Data entries:
******************************
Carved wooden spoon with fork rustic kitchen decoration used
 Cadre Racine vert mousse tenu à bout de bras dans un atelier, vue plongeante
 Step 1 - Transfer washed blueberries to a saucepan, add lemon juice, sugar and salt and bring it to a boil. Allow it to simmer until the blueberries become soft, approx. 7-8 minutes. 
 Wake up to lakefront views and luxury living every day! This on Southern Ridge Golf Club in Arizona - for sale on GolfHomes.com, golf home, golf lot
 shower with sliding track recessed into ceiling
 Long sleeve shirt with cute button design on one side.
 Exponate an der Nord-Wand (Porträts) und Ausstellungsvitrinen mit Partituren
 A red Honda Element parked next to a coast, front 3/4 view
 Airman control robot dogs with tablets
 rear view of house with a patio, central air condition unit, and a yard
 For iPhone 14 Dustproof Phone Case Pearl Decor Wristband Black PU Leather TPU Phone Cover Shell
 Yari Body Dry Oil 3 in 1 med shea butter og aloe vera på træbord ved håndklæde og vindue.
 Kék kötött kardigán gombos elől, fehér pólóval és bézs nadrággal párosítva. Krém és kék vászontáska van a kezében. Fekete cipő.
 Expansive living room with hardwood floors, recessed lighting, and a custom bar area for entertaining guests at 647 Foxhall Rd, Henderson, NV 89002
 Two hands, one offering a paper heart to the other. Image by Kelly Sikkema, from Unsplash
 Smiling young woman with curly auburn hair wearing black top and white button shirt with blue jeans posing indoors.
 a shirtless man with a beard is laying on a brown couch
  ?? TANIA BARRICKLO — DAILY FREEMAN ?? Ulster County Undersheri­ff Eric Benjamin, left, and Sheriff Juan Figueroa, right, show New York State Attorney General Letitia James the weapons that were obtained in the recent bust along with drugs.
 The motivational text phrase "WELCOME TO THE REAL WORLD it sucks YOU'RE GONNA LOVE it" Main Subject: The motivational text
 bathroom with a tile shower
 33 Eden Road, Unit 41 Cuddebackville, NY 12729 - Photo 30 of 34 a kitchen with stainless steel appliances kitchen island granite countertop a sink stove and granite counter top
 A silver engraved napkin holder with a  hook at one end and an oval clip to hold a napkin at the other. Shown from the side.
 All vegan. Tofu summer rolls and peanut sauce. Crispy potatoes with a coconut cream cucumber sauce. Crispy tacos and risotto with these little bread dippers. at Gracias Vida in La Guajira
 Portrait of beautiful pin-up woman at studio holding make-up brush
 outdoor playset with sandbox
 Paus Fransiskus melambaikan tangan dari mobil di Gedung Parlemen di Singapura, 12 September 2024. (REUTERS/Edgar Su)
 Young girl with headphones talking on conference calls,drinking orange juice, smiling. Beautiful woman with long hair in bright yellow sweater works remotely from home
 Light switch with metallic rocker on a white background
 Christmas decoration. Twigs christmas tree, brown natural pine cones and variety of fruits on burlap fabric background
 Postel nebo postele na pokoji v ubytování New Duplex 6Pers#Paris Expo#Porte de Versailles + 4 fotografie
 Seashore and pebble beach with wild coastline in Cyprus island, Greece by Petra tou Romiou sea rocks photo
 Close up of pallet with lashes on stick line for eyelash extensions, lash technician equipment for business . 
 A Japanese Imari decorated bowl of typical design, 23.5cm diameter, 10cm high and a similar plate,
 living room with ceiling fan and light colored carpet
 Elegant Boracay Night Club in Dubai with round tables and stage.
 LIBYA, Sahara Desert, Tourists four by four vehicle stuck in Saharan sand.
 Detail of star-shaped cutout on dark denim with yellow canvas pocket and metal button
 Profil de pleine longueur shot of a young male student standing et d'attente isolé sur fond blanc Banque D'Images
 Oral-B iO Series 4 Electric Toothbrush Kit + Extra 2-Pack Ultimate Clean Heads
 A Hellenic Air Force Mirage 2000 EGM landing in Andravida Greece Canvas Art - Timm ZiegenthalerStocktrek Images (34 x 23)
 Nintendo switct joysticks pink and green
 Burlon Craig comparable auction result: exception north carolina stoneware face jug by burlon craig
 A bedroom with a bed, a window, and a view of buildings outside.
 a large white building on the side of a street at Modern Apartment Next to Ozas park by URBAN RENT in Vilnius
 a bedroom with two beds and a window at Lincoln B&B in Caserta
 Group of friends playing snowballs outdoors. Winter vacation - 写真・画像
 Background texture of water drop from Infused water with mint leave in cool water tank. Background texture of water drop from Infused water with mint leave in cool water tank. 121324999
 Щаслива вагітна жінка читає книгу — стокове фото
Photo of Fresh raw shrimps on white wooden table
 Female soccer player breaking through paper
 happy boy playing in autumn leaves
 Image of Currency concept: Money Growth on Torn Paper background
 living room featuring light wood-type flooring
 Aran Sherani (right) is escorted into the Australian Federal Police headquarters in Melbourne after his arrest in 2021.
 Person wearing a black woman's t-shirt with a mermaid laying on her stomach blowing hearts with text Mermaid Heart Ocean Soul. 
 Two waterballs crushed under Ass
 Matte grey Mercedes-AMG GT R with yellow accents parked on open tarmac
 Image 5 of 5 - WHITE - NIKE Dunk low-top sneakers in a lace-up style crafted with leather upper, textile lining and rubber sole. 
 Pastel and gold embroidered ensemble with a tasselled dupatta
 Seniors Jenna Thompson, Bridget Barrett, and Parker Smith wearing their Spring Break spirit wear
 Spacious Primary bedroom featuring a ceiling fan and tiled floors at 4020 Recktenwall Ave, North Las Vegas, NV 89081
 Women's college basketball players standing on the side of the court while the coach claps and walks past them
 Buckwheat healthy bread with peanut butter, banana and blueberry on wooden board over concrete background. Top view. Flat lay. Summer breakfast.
******************************
Exercise prompt: Give the data again. Keep every line identical.

Your response:
Carved wooden spoon with fork rustic kitchen decoration used
 Cadre Racine vert mousse tenu à bout de bras dans un atelier, vue plongeante
 Step 1 - Transfer washed blueberries to a saucepan, add lemon juice, sugar and salt and bring it to a boil. Allow it to simmer until the blueberries become soft, approx. 7-8 minutes. 
 Wake up to lakefront views and luxury living every day! This on Southern Ridge Golf Club in Arizona - for sale on GolfHomes.com, golf home, golf lot
 shower with sliding track recessed into ceiling
 Long sleeve shirt with cute button design on one side.
 Exponate an der Nord-Wand (Porträts) und Ausstellungsvitrinen mit Partituren
 A red Honda Element parked next to a coast, front 3/4 view
 Airman control robot dogs with tablets
 rear view of house with a patio, central air condition unit, and a yard
 For iPhone 14 Dustproof Phone Case Pearl Decor Wristband Black PU Leather TPU Phone Cover Shell
 Yari Body Dry Oil 3 in 1 med shea butter og aloe vera på træbord ved håndklæde og vindue.
 Kék kötött kardigán gombos elől, fehér pólóval és bézs nadrággal párosítva. Krém és kék vászontáska van a kezében. Fekete cipő.
 Expansive living room with hardwood floors, recessed lighting, and a custom bar area for entertaining guests at 647 Foxhall Rd, Henderson, NV 89002
 Two hands, one offering a paper heart to the other. Image by Kelly Sikkema, from Unsplash
 Smiling young woman with curly auburn hair wearing black top and white button shirt with blue jeans posing indoors.
 a shirtless man with a beard is laying on a brown couch
  ?? TANIA BARRICKLO — DAILY FREEMAN ?? Ulster County Undersheri­ff Eric Benjamin, left, and Sheriff Juan Figueroa, right, show New York State Attorney General Letitia James the weapons that were obtained in the recent bust along with drugs.
 The motivational text phrase "WELCOME TO THE REAL WORLD it sucks YOU'RE GONNA LOVE it" Main Subject: The motivational text
 bathroom with a tile shower
 33 Eden Road, Unit 41 Cuddebackville, NY 12729 - Photo 30 of 34 a kitchen with stainless steel appliances kitchen island granite countertop a sink stove and granite counter top
 A silver engraved napkin holder with a  hook at one end and an oval clip to hold a napkin at the other. Shown from the side.
 All vegan. Tofu summer rolls and peanut sauce. Crispy potatoes with a coconut cream cucumber sauce. Crispy tacos and risotto with these little bread dippers. at Gracias Vida in La Guajira
 Portrait of beautiful pin-up woman at studio holding make-up brush
 outdoor playset with sandbox
 Paus Fransiskus melambaikan tangan dari mobil di Gedung Parlemen di Singapura, 12 September 2024. (REUTERS/Edgar Su)
 Young girl with headphones talking on conference calls,drinking orange juice, smiling. Beautiful woman with long hair in bright yellow sweater works remotely from home
 Light switch with metallic rocker on a white background
 Christmas decoration. Twigs christmas tree, brown natural pine cones and variety of fruits on burlap fabric background
 Postel nebo postele na pokoji v ubytování New Duplex 6Pers#Paris Expo#Porte de Versailles + 4 fotografie
 Seashore and pebble beach with wild coastline in Cyprus island, Greece by Petra tou Romiou sea rocks photo
 Close up of pallet with lashes on stick line for eyelash extensions, lash technician equipment for business . 
 A Japanese Imari decorated bowl of typical design, 23.5cm diameter, 10cm high and a similar plate,
 living room with ceiling fan and light colored carpet
 Elegant Boracay Night Club in Dubai with round tables and stage.
 LIBYA, Sahara Desert, Tourists four by four vehicle stuck in Saharan sand.
 Detail of star-shaped cutout on dark denim with yellow canvas pocket and metal button
 Profil de pleine longueur shot of a young male student standing et d'attente isolé sur fond blanc Banque D'Images
 Oral-B iO Series 4 Electric Toothbrush Kit + Extra 2-Pack Ultimate Clean Heads
 A Hellenic Air Force Mirage 2000 EGM landing in Andravida Greece Canvas Art - Timm ZiegenthalerStocktrek Images (34 x 23)
 Nintendo switct joysticks pink and green
 Burlon Craig comparable auction result: exception north carolina stoneware face jug by burlon craig
 A bedroom with a bed, a window, and a view of buildings outside.
 a large white building on the side of a street at Modern Apartment Next to Ozas park by URBAN RENT in Vilnius
 a bedroom with two beds and a window at Lincoln B&B in Caserta
 Group of friends playing snowballs outdoors. Winter vacation - 写真・画像
 Background texture of water drop from Infused water with mint leave in cool water tank. Background texture of water drop from Infused water with mint leave in cool water tank. 121324999
 Щаслива вагітна жінка читає книгу — стокове фото
Photo of Fresh raw shrimps on white wooden table
 Female soccer player breaking through paper
 happy boy playing in autumn leaves
 Image of Currency concept: Money Growth on Torn Paper background
 living room featuring light wood-type flooring
 Aran Sherani (right) is escorted into the Australian Federal Police headquarters in Melbourne after his arrest in 2021.
 Person wearing a black woman's t-shirt with a mermaid laying on her stomach blowing hearts with text Mermaid Heart Ocean Soul. 
 Two waterballs crushed under Ass
 Matte grey Mercedes-AMG GT R with yellow accents parked on open tarmac
 Image 5 of 5 - WHITE - NIKE Dunk low-top sneakers in a lace-up style crafted with leather upper, textile lining and rubber sole. 
 Pastel and gold embroidered ensemble with a tasselled dupatta
 Seniors Jenna Thompson, Bridget Barrett, and Parker Smith wearing their Spring Break spirit wear
 Spacious Primary bedroom featuring a ceiling fan and tiled floors at 4020 Recktenwall Ave, North Las Vegas, NV 89081
 Women's college basketball players standing on the side of the court while the coach claps and walks past them
 Buckwheat healthy bread with peanut butter, banana and blueberry on wooden board over concrete background. Top view. Flat lay. Summer breakfast.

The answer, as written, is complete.